Increasingly, information is only offered and passed on in digital form, whereby the reliable and user-friendly Portable Document Format (PDF) has established itself worldwide as the preferred file format. To ensure unrestricted access in every respect, PDF files must meet certain requirements. These are defined in PDF/UA as the ISO standard for accessible PDF documents. It ensures that even people with greatly diminished vision, insufficient command of written language or physical limitations can capture and interactively use documents without outside help. In addition, content from PDF/UA documents on mobile devices is much easier for users to read than from a conventional PDF document. Added value for everyone.
What the stairs-free access for wheelchair users is, is the barrier-free PDF according to the PDF/UA standard when reading and editing documents and forms. Without limiting the diversity of PDF technology, it determines how unrestricted accessibility of content in PDF files is ensured. To this end, the PDF/UA standard defines requirements to exclude barriers when accessing page content, form fields, notes, metadata and other elements of PDF files. This allows users who use special tools - such as screen readers, special mice or voice output and input - to interact with content in PDF documents. PDF/UA, in return, offers the author clearly defined criteria that must be observed when creating accessible documents.
In order to achieve the goal of accessibility, the PDF/UA standard requires, among other things, the following:
- All content must be correctly tagged. Headings, regular paragraphs, lists and tables must be marked as such.
- The levels of the headings must reflect the structure of the document.
- The intended reading sequence for the entire content must be clearly defined.
- A corresponding text must be assigned to pictorial representations, which reflects the pictorial content in words.
- The language in which a text is written must be specified.
- Language changes within the text must also be indicated.
- Information may not be represented solely by colour or contrast.
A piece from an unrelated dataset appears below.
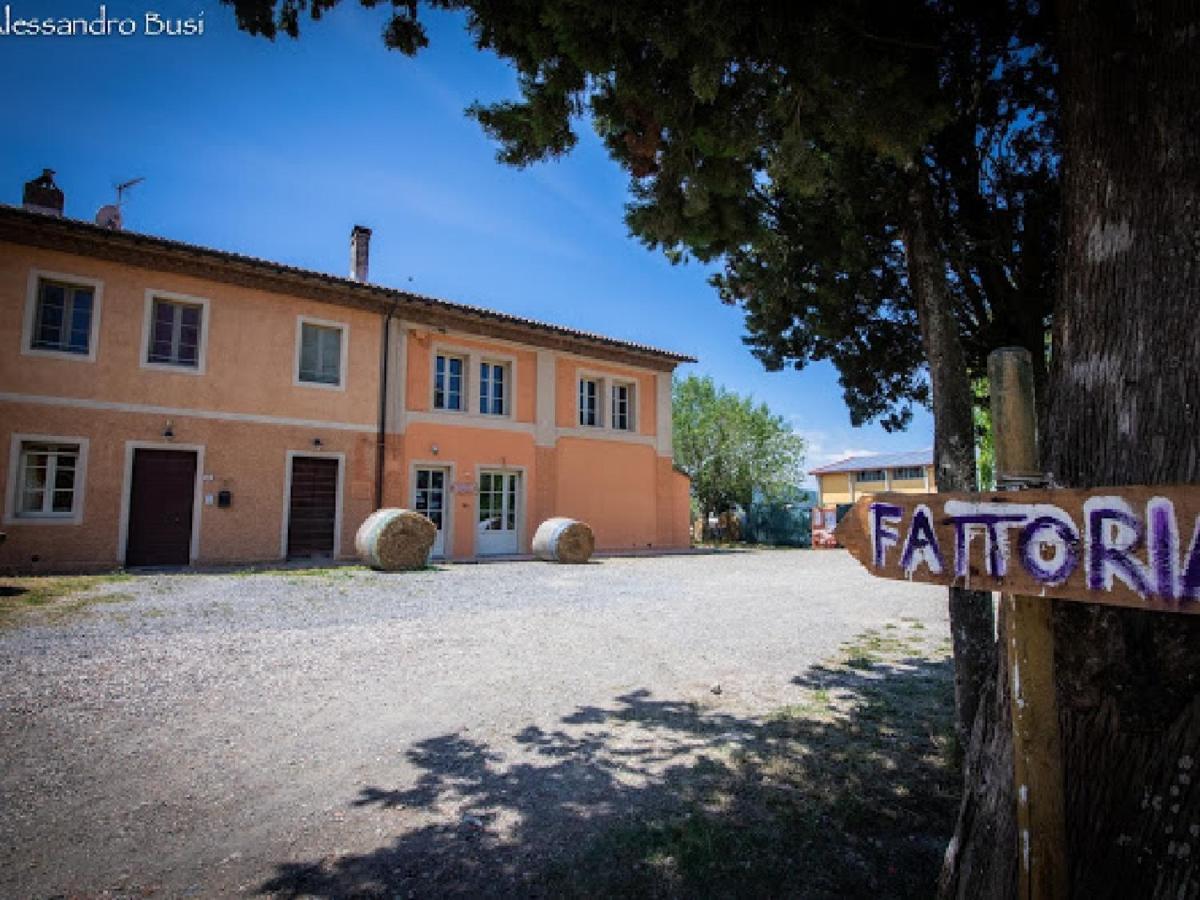 Agriturismo La Valle Della Lavanda - Podere Mezzastrada Fauglia Ngoại thất bức ảnh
Most of these requirements are met by additional, invisible markers in the PDF page descriptions, which are called "tags". These tags provide PDF elements with additional information about the content, position and type of the element, and integrate all elements into a semantic overall structure. This defines headings, captions and navigation elements. Graphics and images can be provided with an "alternative text". This is the basis for the practical use of a PDF despite barriers such as blindness, significantly reduced vision or restrictions in mobility that necessitate the use of technical aids. Screen readers are dependent on all content being in text form, which can then be read aloud via speech synthesisers or output as Braille on a Braille display. The use of special mouse, voice control and other tools for effective navigation in and interaction with documents require access to the content structure of the document in the form of the tag structure. This is achieved by logically linking the tags, which means that all content elements are also assigned to a semantic role. These can then be connected in a logical read sequence, regardless of the page and position on which they are placed.
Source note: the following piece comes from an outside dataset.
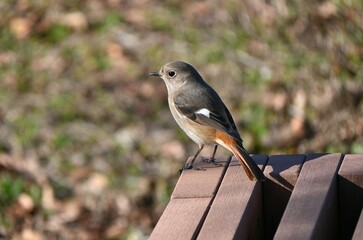 A female daurian redstart. A Muscicapidae migratory bird with white spots on its wings. Females have a grayish overall body color compared to the bright males.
These tags can also be defined later in existing PDFs using programs such as Adobe Acrobat - but this is an extremely tedious and time-consuming task. It is much more effective to perform corresponding preparatory work in creation programs - such as Microsoft Word and PowerPoint or OpenOffice and LibreOffice or for professional publications in Adobe InDesign. They already offer the possibility to create a good quality tagged PDF directly from the application, even if this does not yet achieve PDF/UA quality in some points. Additional tools support the user in closing the remaining gap to PDF/UA conformity.
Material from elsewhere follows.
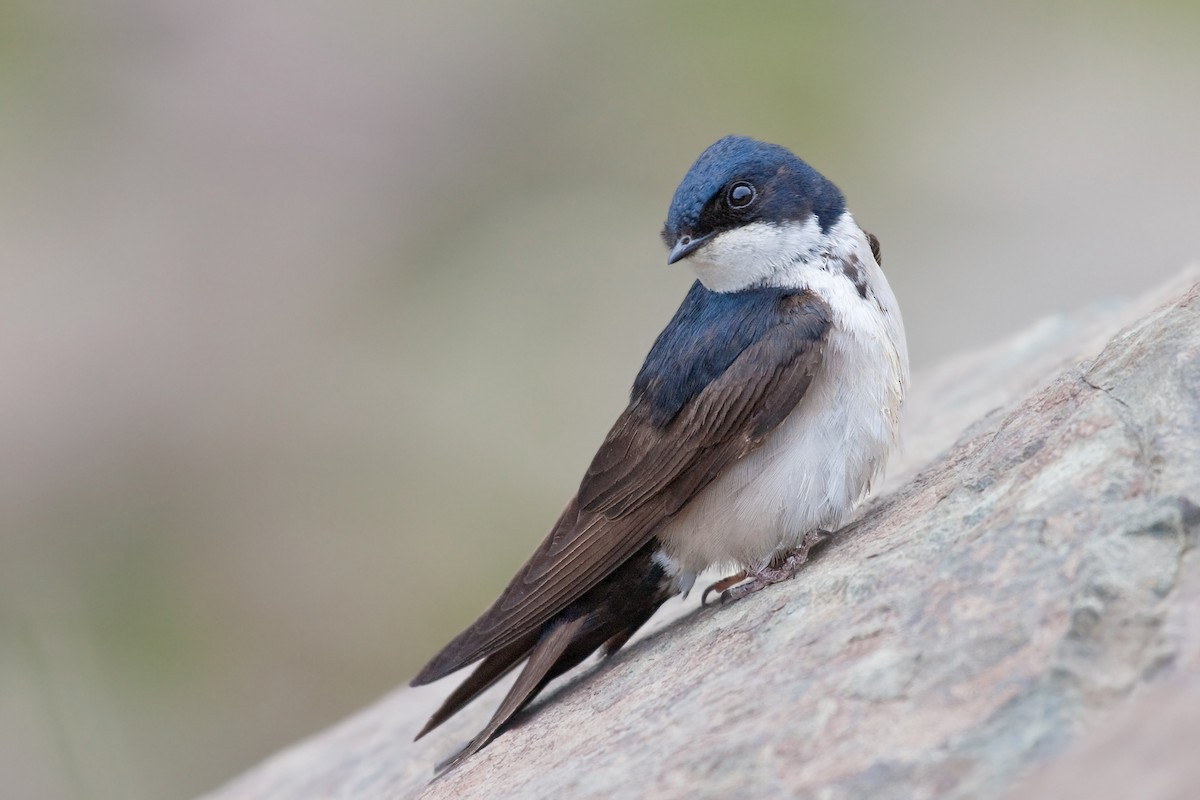 Blue-and-white Swallow (patagonica) - Michel Gutierrez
But how does an author check whether the documents created by him really correspond to the specifications stored in PDF/UA? Since 2013, the Matterhorn Protocol, developed by the PDF Association in coordination with the ISO, has been available as a binding test catalogue for barrier-free PDF documents and forms. It consists of 31 test sections consisting of 136 individual, precisely defined fault conditions. This makes it easier for authors to create and verify PDF/UA-compliant PDF files and forms. Each test section represents a specific area of conformity requirements, such as "definition of text language" or "metadata". The individual error conditions define a specific test at document, page, object or JavaScript level. Some of the error conditions can be programmatically checked by software, for example with the free PDF Accessibility Checker (PAC 2) from the Swiss foundation "Access for all". PAC 2 is considered the first tool based entirely on the Matterhorn protocol. A number of other error conditions must be tested interactively, for example "Headings are not marked as headings". The callas pdfGoHTML plug-in for Adobe Acrobat from callas software supports this. It displays the document structure including reading sequence and alternative texts for images in an easy-to-understand quick diagnosis view with coloured markings.
Accessibility does not only affect people with more or less severe disabilities. A PDF correctly tagged with a clean tag structure is a big step towards the optimal creation, editing, output and utilization of documents in general. For example, search engines can index accessible PDFs much better. Structured PDF files can be used much better than conventional documents. For format conversions - PDF to HTML, unformatted text or RTF, Microsoft Word and OpenOffice Writer - the results are more reliable. On mobile devices with a comparatively small display, content from PDF documents can be presented in a more user-friendly way. This plays a particularly important role in a company shaped by mobile devices.